**PROBLEM TO SOLVE:**
Please return the data word for word and leave out any picture it contains.

**PROVIDED DATA:**
# # # #
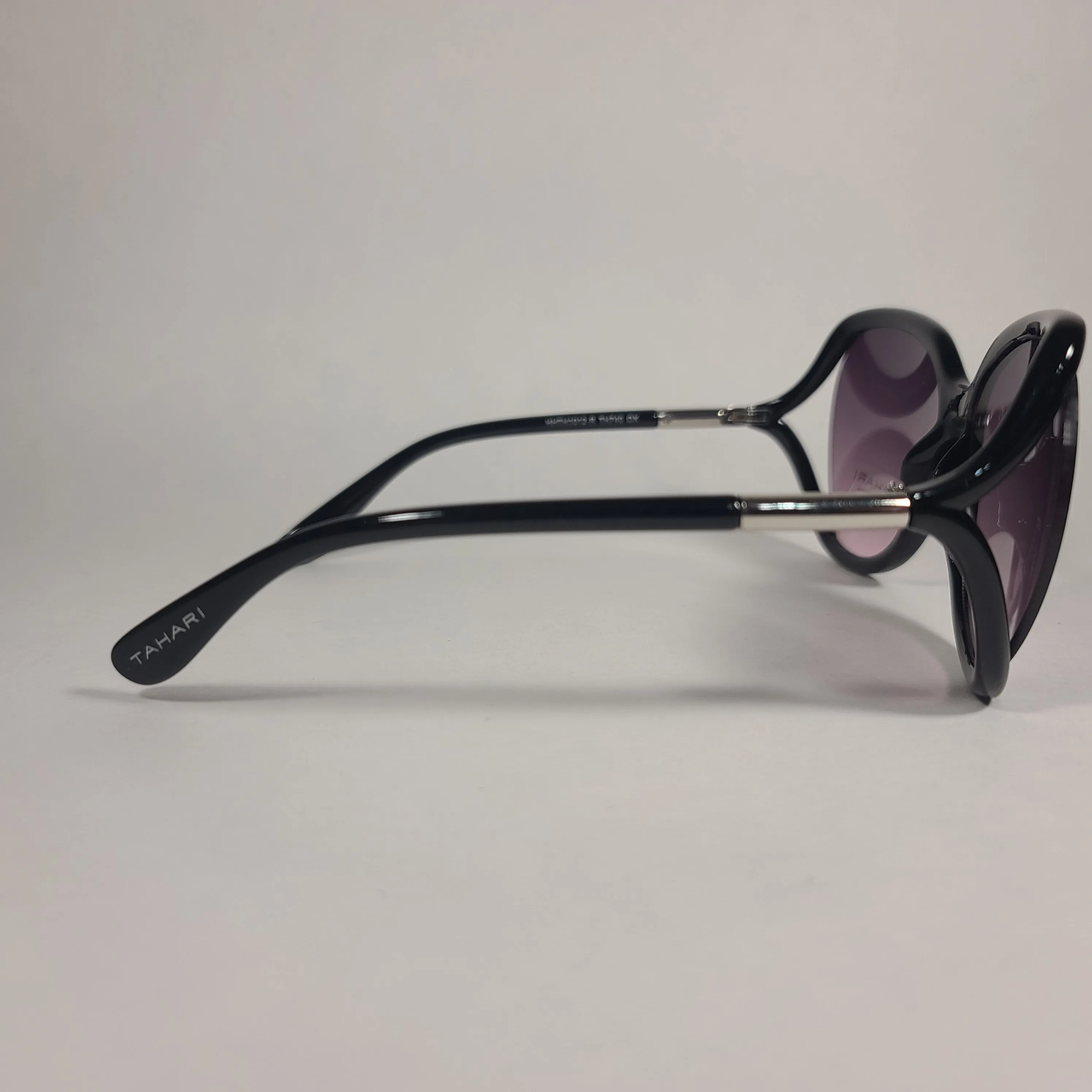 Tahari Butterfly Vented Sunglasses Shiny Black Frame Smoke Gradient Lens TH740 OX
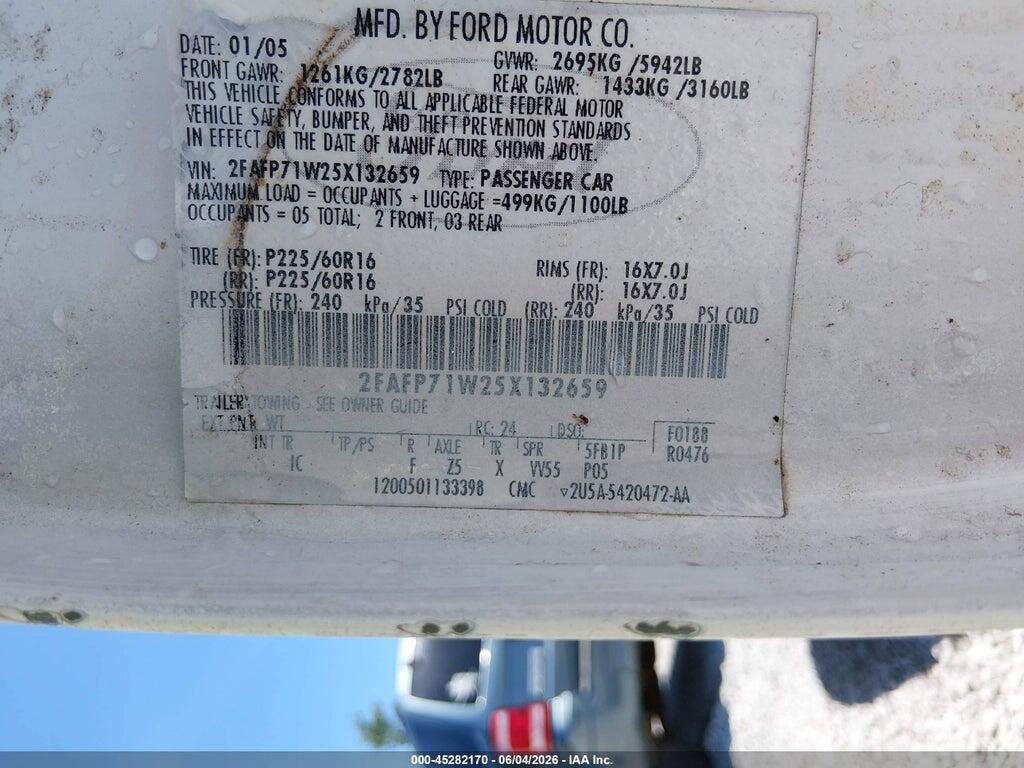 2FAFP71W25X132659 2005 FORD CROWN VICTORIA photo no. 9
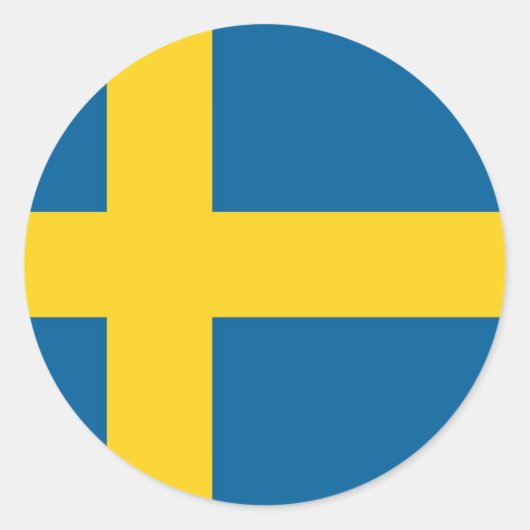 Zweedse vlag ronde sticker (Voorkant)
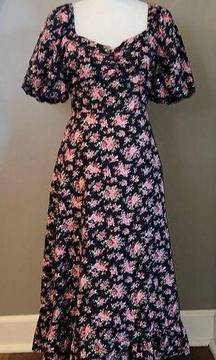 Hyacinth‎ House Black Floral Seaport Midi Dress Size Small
# # # #
**THE COMPLETED TASK:**
 Tahari Butterfly Vented Sunglasses Shiny Black Frame Smoke Gradient Lens TH740 OX
 2FAFP71W25X132659 2005 FORD CROWN VICTORIA photo no. 9
 Zweedse vlag ronde sticker (Voorkant)
 Hyacinth‎ House Black Floral Seaport Midi Dress Size Small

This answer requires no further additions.